La guerra tra fazioni nella Striscia di Gaza si è trasformata ormai nella sua evoluzione più nefasta, un’occasione per quella che sembra essere una sorta di offensiva finale da parte dell’esercito israeliano. La sensazione del regolamento di conti in atto è rafforzata dalle parole pronunciate ieri dal ministro per la Sicurezza interna israeliana, Avi Dichter, che in sostanza ha annunciato la prossima condanna a morte del massimo leader di Hamas, Khaled Meshaal. Un obiettivo sensibile - l’unico nome “altisonante” rimasto ancora sulla lista di Tel Aviv dopo l’uccisione di Rantisi e dello sceicco Yassin - che stando a quanto affermato ieri sarà colpito “alla prima occasione”. Dichter ha sottolineato “la complessità e la difficoltà” di una simile operazione (memore del tentativo fallito del Mossad di eliminarlo, avvelenandolo, nel 1997) aggiungendo che il “fatto che lui non si trovi qui dall’altro lato del Muro rende naturalmente le cose molto più ardue”, ma ha chiarito che “Khaled Meshal non è certamente al sicuro, né a Damasco né in nessun altro luogo”.
Dalla Siria, il vice di Meshaal, Abu Marzouk, ha bollato come “codarde” le minacce, ricordando come “la politica israeliana è una politica vigliacca e tutto il mondo dovrebbe schierarsi contro” e che con il sistema degli assassini mirati gli israeliani “hanno ucciso decine di leader palestinesi fuori dai territori”. Dubbi sulla pratica dei cosiddetti “targeted killings” sono stati sollevati anche dal ministro degli Esteri italiano Massimo D’Alema, ieri in Afghanistan, che in una intervista prima di partire ha puntato l’attenzione sul fatto che queste operazioni siano indirizzate principalmente contro la popolazione.
“Colpiscono civili e alimentano il caos - ha spiegato - Gaza è una prigione a cielo aperto.
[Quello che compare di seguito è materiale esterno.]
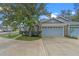 Two car garage featuring a modern door design and well-maintained landscaping in a quaint neighborhood at 978 Cobbler Ct, Longwood, FL 32750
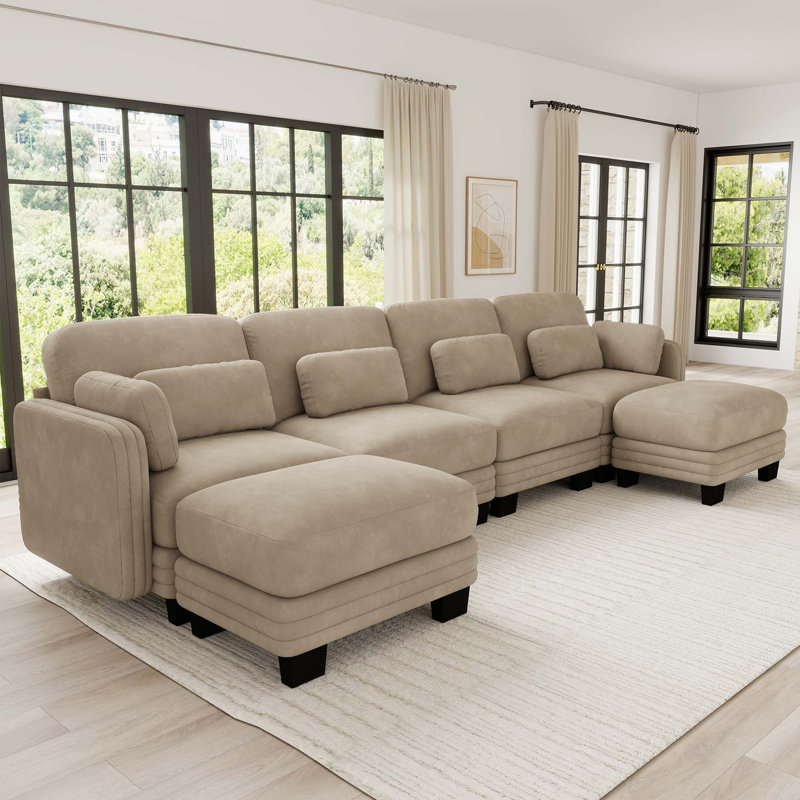 Canapé d'angle modulaire capitonné avec poufs amovibles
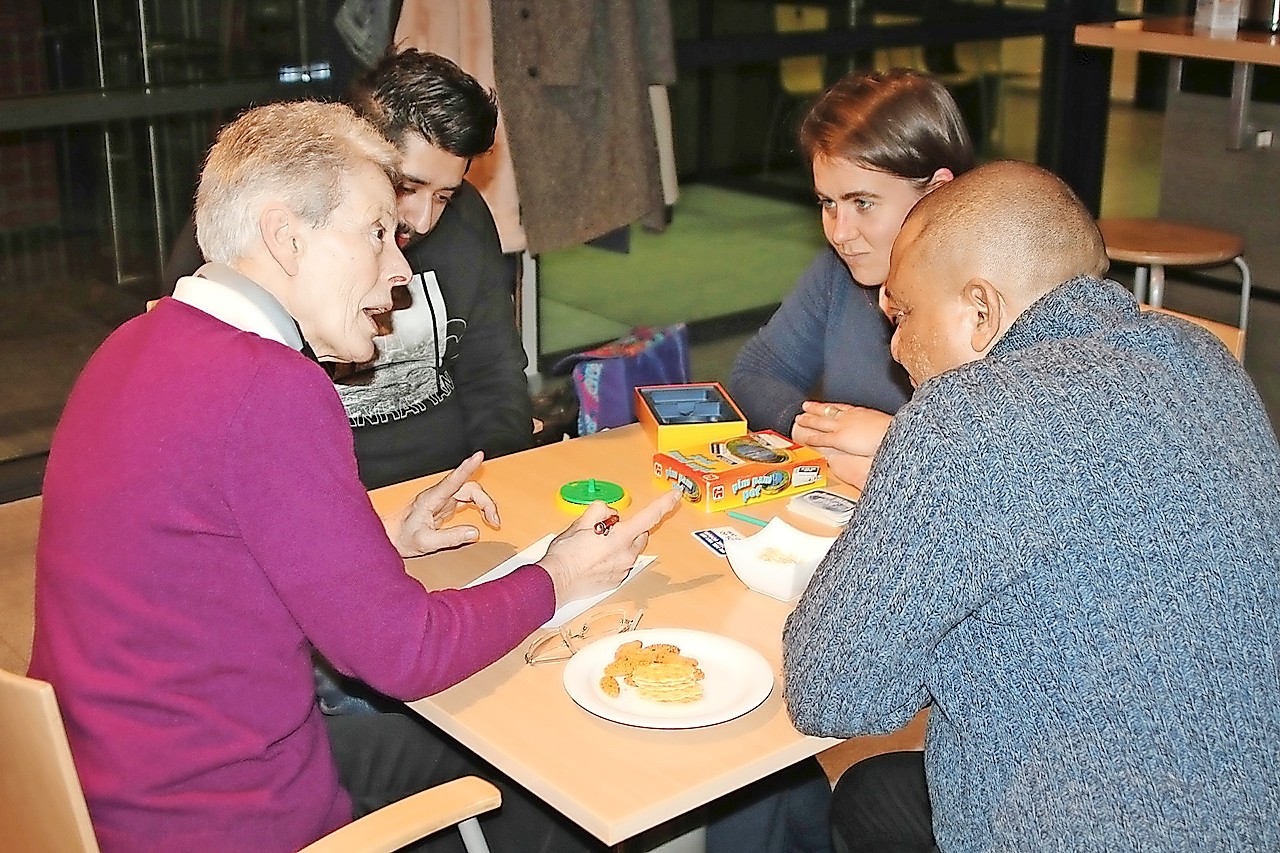 Anderstalige vluchtelingen en autochtone Merchtemnaren ontmoeten elkaar aan de ‘conversatietafel’. © Renaat Schoukens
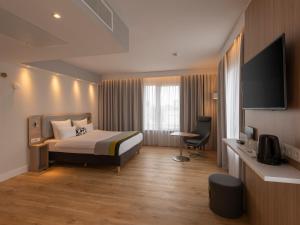 una camera d'albergo con letto e TV di Holiday Inn Express Munich - City East, an IHG Hotel a Monaco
Considero che si dovrebbe fare ogni sforzo per limitare, ridurre, azzerare il ricorso alla violenza e attacchi sul cui carattere mirato, sulla base degli effetti sulla popolazione civile, c'è motivo di dubitare, visto il bilancio sin qui conseguito”.
Anche Mosca ha condannato “l’eccessivo” uso della forza di Israele nella Striscia di Gaza, evidenziando che l’esercito sionista risponde al fuoco contro le abitazioni della città palestinesi, uccidendo civili.
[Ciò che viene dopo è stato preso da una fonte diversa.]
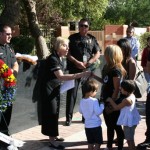 Cindy Jones, widow of Glendale Officer Brad Jones, accepts flowers at a brief ceremony in her husband's honor Oct. 29, 2012. Jones died on duty exactly one year ago. (Photo: Jim Cross/KTAR)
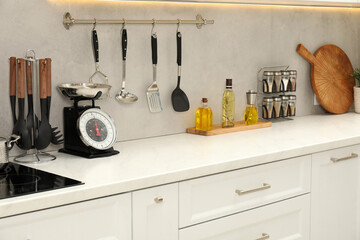 Retro mechanical kitchen scale, other utensils and spices on white marble table indoors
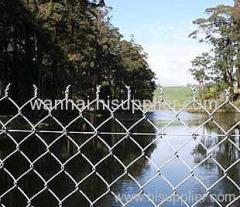 chain link fence with a barbed top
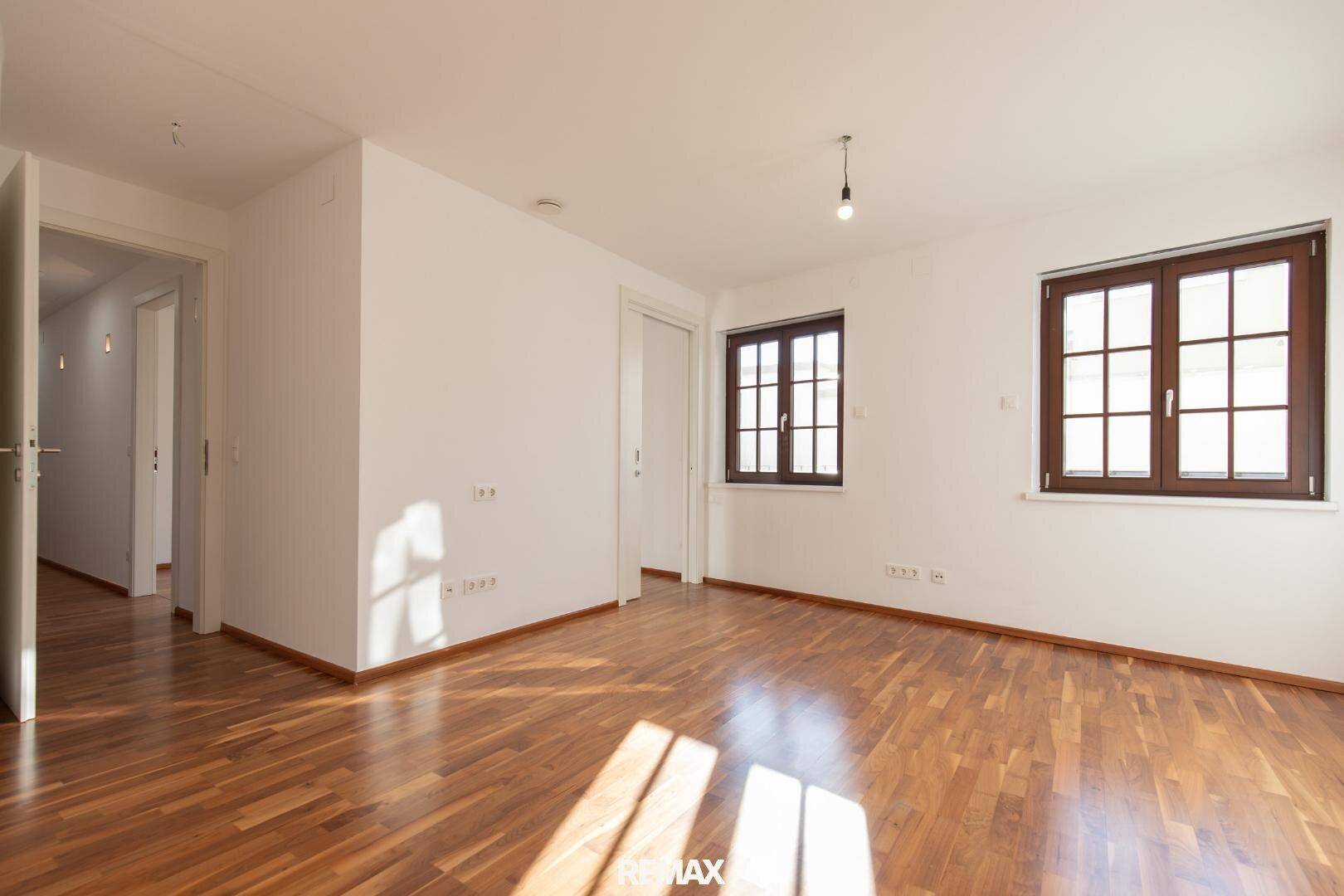Helles Zimmer mit Parkettboden und zwei Fenstern, bietet viel Tageslicht.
“Ciò, dal nostro punto di vista, è un uso della forza eccessivo e sproporzionato”.
Raid aerei da parte di Tsahal sono proseguiti senza soluzione di continuità per tutto il fine settimana. Soltanto ieri, altre quattro persone sono state uccise nel campo profughi di Jabaliya, per un attacco contro una automobile che, secondo alcuni testimoni, trasportava militanti della Jihad islamica. Nella mattinata un altro palestinese era stato colpito a morte, in un raid contro un laboratorio in cui si ritiene siano prodotti i razzi Qassam.
Dall’altra parte, nel frattempo continuano i lanci di razzi Sderot. Altri quattro hanno seguito le operazioni dell’Idf della notte prima, nel corso del quale erano state uccise otto persone, membri della famiglia del deputato di Hamas, Khalil al-Haya. Il primo risultato concreto per Tel Aviv dopo l’annuncio, domenica scorsa, dell’intensificazione degli attacchi “mirati”.
Dalle testimonianze che arrivano dalla Striscia di Gaza risulta chiaro che la popolazione sia arrivata ormai al limite della sopportazione; un limite che per la verità sarebbe stato superato per qualsiasi essere umano già da tempo, e non soltanto a causa dell’aggravarsi degli eventi di questi ultimi giorni. È evidente tuttavia che, nonostante la Striscia di Gaza sia stata trasformata da più di un anno in una “prigione all’aria aperta”, così come è stata definita dagli stessi osservatori delle Nazioni Unite, a causa delle limitazioni economiche e dalla chiusura dei valichi che impediscono lo svolgimento delle più elementari attività quotidiane, negli ultimi giorni il quadro si sia drasticamente rabbuiato.
Le strade si sono praticamente svuotate, rimaste popolate soltanto dai miliziani; abitate da scontri, sparatorie e dall’azione di Tsahal che si è inserito in un terreno già in via di disfacimento. A questo punto risultano inutili anche gli appelli provenienti da alcune moschee per il ritorno alla calma.